Treasurers’ debate live updates: Jim Chalmers and Angus Taylor face off in Australian election debate

Chalmers accuses Taylor of using ‘made-up numbers’ to attack Labor’s economic credentials
Jim Chalmers was asked if he would apologise for promising a $275 reduction in energy prices under Labor that did not eventuate. He responded:
The $275 figure that you referring to from the modelling in 2021 predated two important developments. The first one was Angus intervened to hide a big price rise before the last election. We didn’t know about that when we talked about that modelling.
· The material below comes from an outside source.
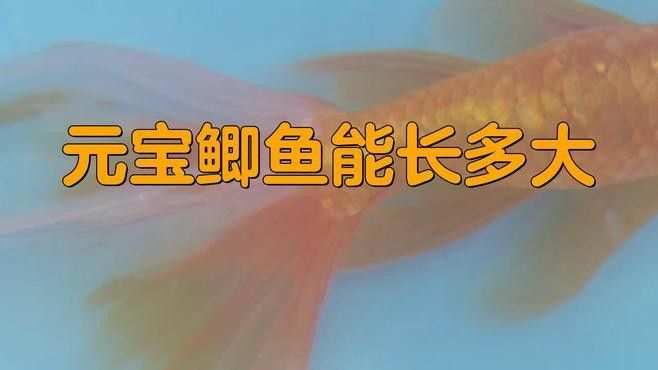 龍魚和什么魚混養最好視頻教程圖片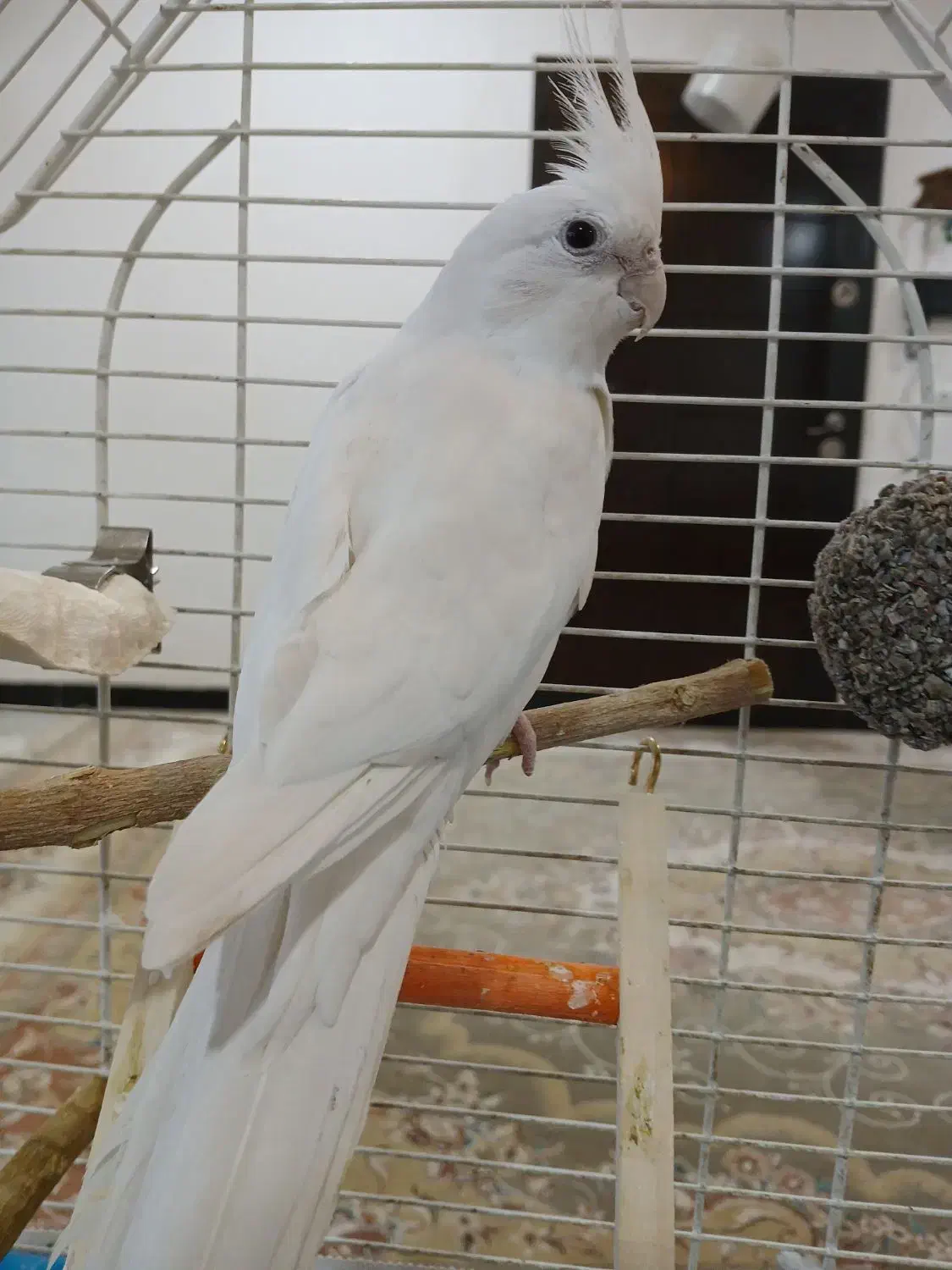 عروس هلندی|پرنده|چرداول, |دیوار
And the second thing is, there’s been a major land war in eastern Europe, which has caused a global spike in energy, inflation.
Now, despite that, Australia now has – according the OECD – the lowest inflation in the developed world, and that’s because we’re doing two things …
He was cut off by Angus Taylor, who said Labor “promised 97 times that electricity prices would come down by $275” and was making excuses.
Taylor claimed people were $1,300 a year worse off than was promised, but Chalmers responded, “That is a made-up number.”
Key events
Chalmers and Taylor have back-and-forth on health and education
Jim Chalmers has now asked Angus Taylor if he would repeat the same commitment to no cuts to health or education that his party took to the 2013 election.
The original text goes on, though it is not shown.